____ INFORMATION SUPPLIED

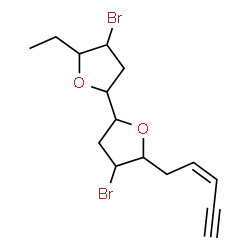 ChemSpider 2D Image | 4,4'-Dibromo-5-ethyl-5'-[(2Z)-2-penten-4-yn-1-yl]octahydro-2,2'-bifuran | C15H20Br2O2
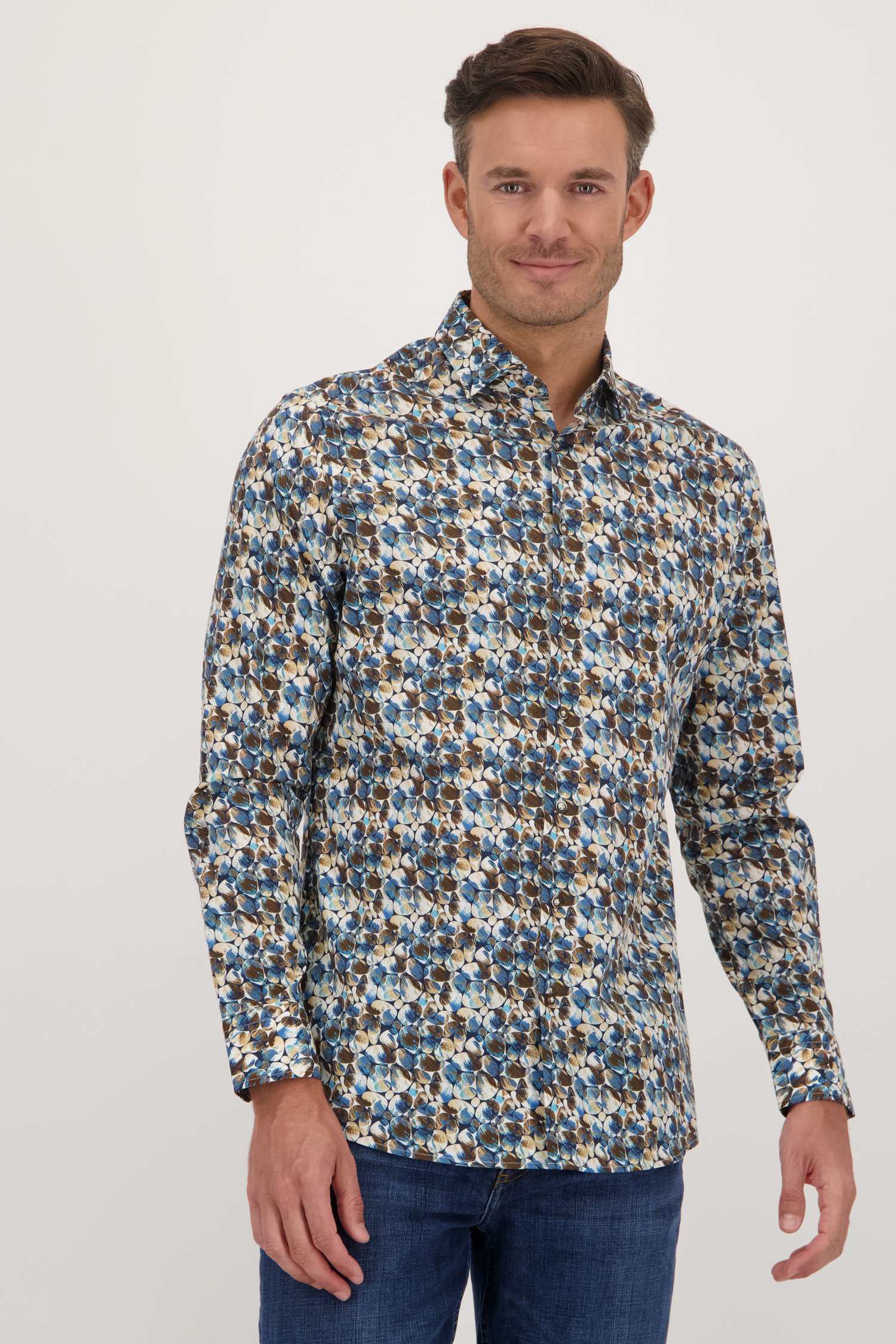 Voorkant van Hemd met blauw-bruine print - Regular fit door Upper East voor Heren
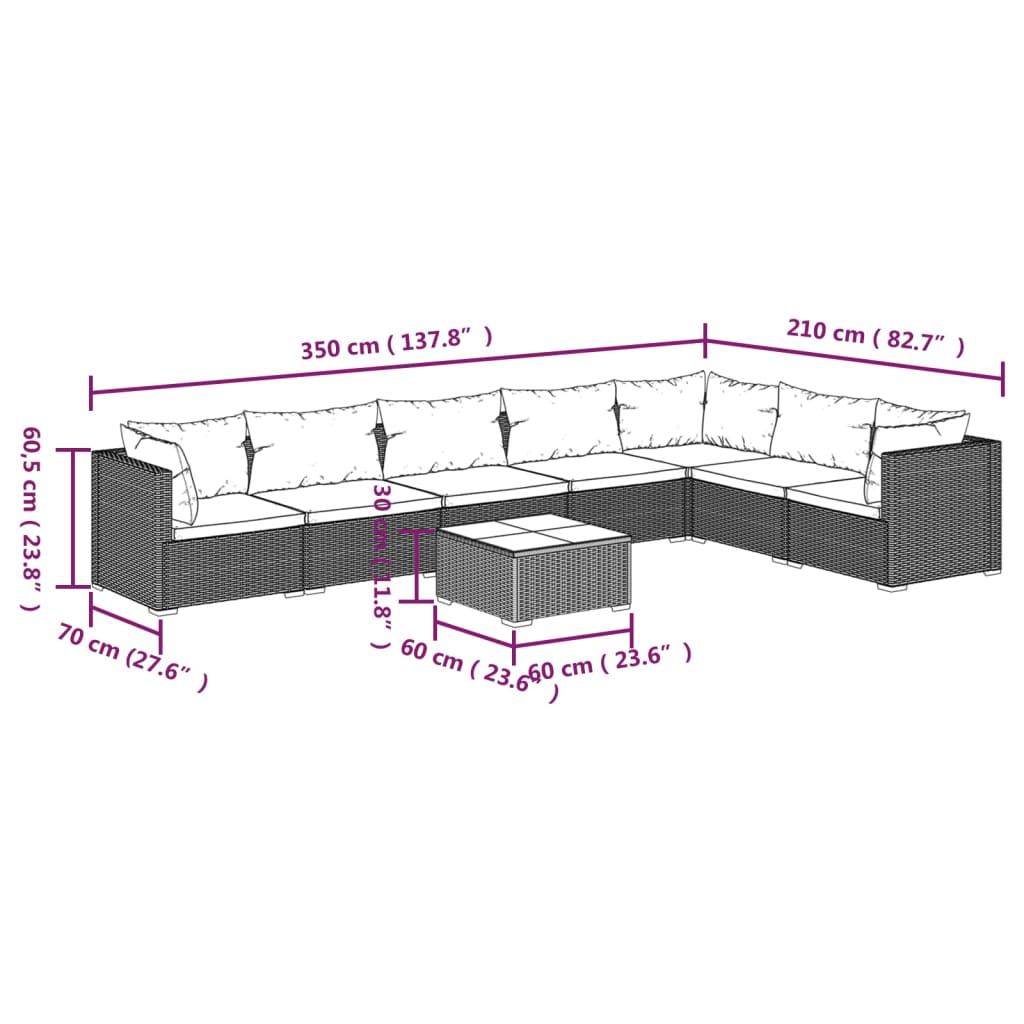 Set Salotto da Giardino 8 pz con Cuscini in Polyrattan Nero 3101753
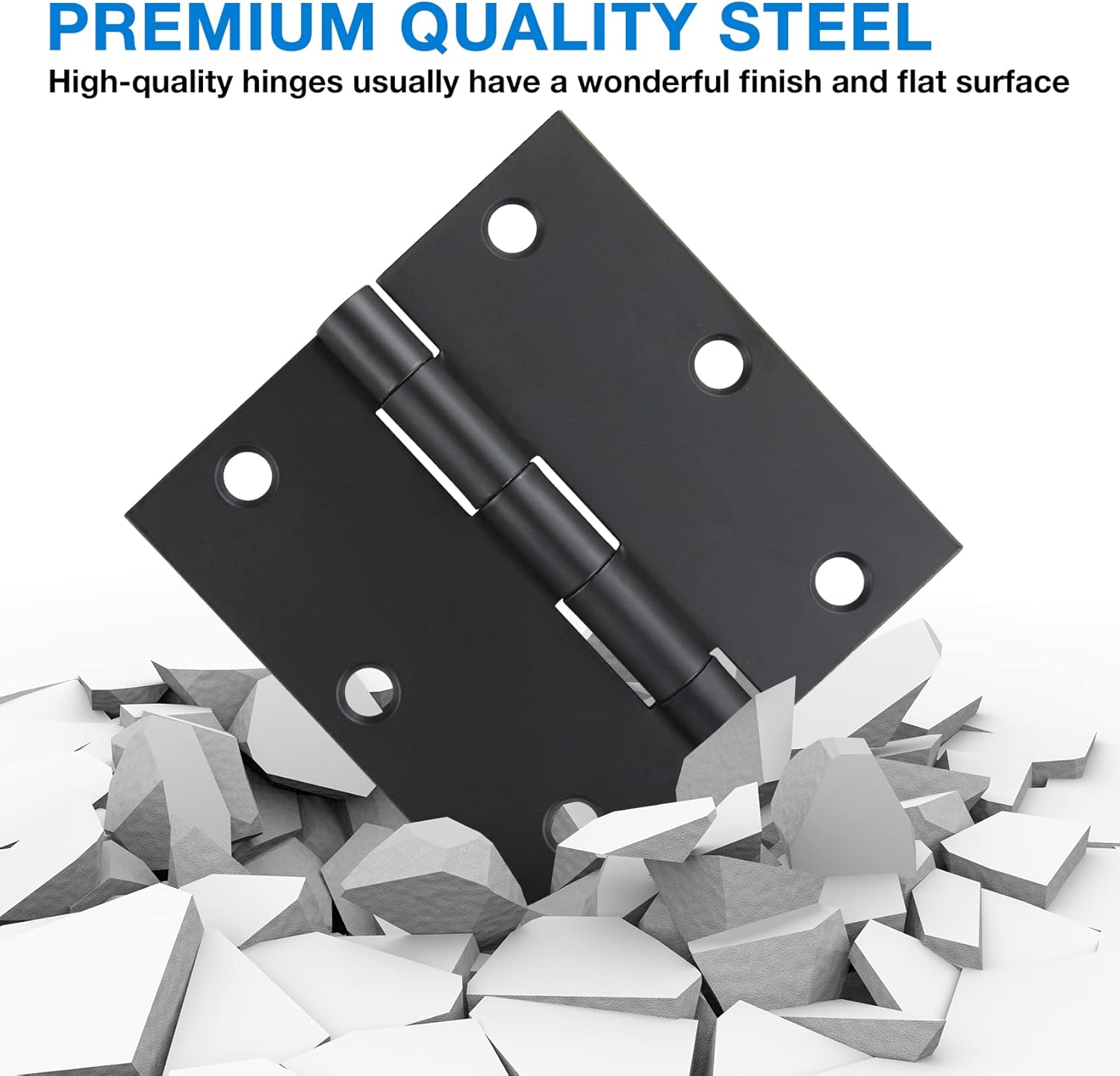 18 Pack Matte Black Heavy-Duty Interior Door Hinges 3.5 x 3.5 Inch with Square Corners - Ideal for Standard Bedroom, Office, RV, Garage, Shed, or Treehouse Doors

________

*ABOUT THIS TASK*.
Reproduce, exactly and with no pictures, the lines from the line containing "Set Salotto da" through the closing line of the data above, keeping both ends.

*ANSWER BOX*.
 Set Salotto da Giardino 8 pz con Cuscini in Polyrattan Nero 3101753
 18 Pack Matte Black Heavy-Duty Interior Door Hinges 3.5 x 3.5 Inch with Square Corners - Ideal for Standard Bedroom, Office, RV, Garage, Shed, or Treehouse Doors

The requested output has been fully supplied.